Thursday, 17 December 2009

A strange life

No-one knows the whole. Sometimes it feels as though I am many strands, each stretching and moving alone and differently, only loosely joined into one life. From home, from friends far away, from family reading the online record of my travels, comes the sense that I am on a wonderful, epic adventure, that occasionally I feel homesick but for the most part I am well and enchanted with wonder and mystery. And in part I am. I make a concerted effort to find adventures all the time and to take every opportunity to see and experience wonder.

One group of friends here thinks that I hate it, that I'm miserable and want out and am counting the days until I leave. This is partly them projecting their own desire to be out of here. In fact, it's quite a lot that. But it is also because they don't know about the wonder. They don't bother to ask about the fun things I do. They don't bother to read the online life. They have limited appreciation for fun and pastimes not involving drunkenness. They only know that I do complain, that I am sometimes miserable, that there is more boredom than joy in certain parts of my life.

Another group knows me a little better and sees more of the combination - the intertwining of homesickness, misery and boredom with wonder, excitement and magic. They don't really understand it, but they're the kind of people who don't need to understand it to accept - they don't need to put me in a box.

And all the time, the narrative in my head is different from all of these.
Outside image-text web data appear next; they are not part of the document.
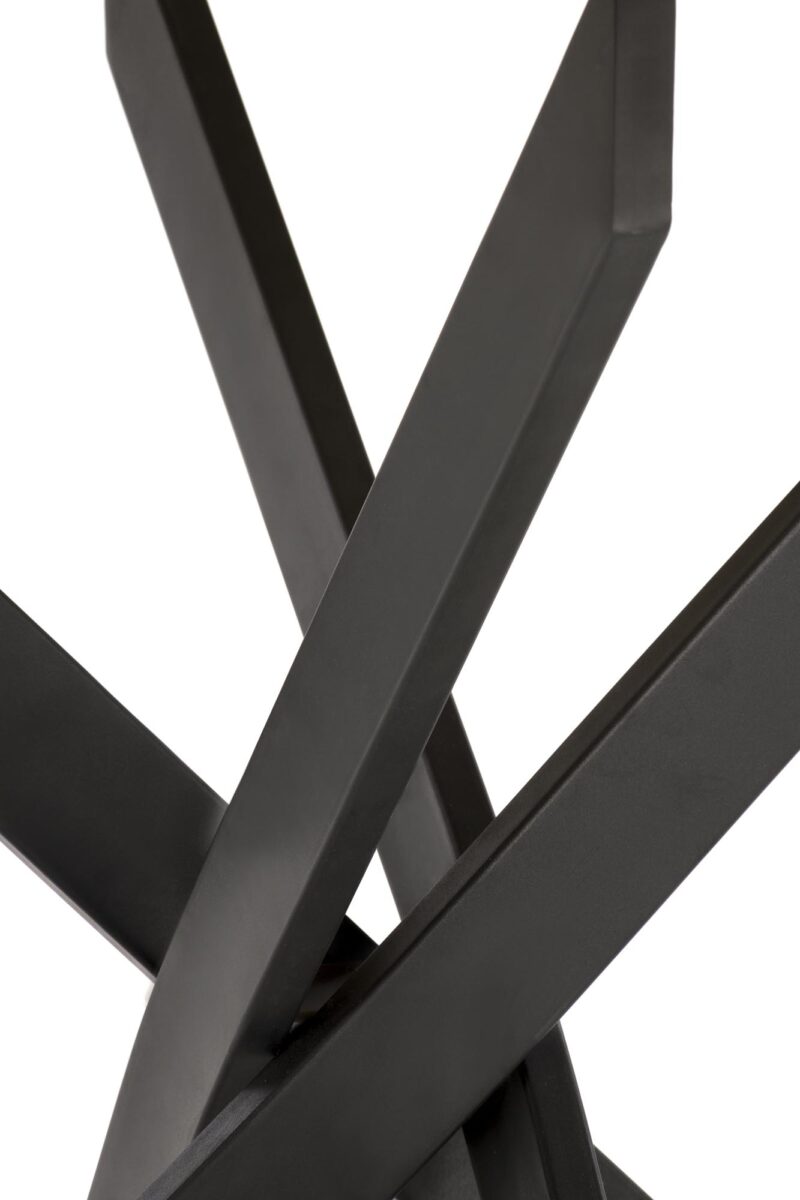 Ruokapöytä EDGAR, kultainen tammi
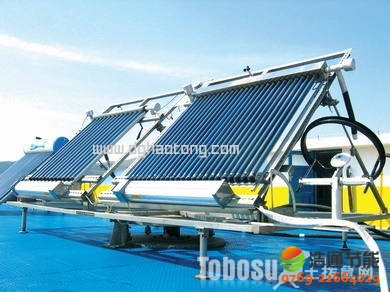太陽(yáng)能熱水器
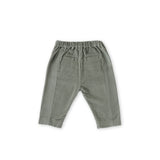 Pehr-Corduroy Kids Pant-Sage-3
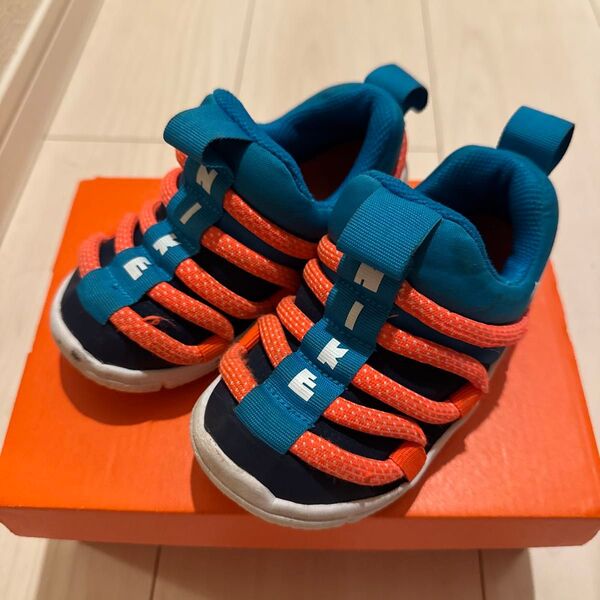 NIKE ナイキ スニーカー キッズ 14cm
Only on my own, sitting alone, at my computer in my flat, on a bench at a park enjoying the sun, or on yet another bus, do the strands come together to make me. Some days I feel like a fraud but when I think about it I know I am not trying in any way to deceive people. I am not hiding any of me. It reminds me of a quote from
Heart of Darkness:
No, it is impossible; it is impossible to convey the life-sensation of any given epoch of one's existence – that which makes its truth, its meaning – its subtle and penetrating essence. It is impossible. We live, as we dream – alone (Conrad)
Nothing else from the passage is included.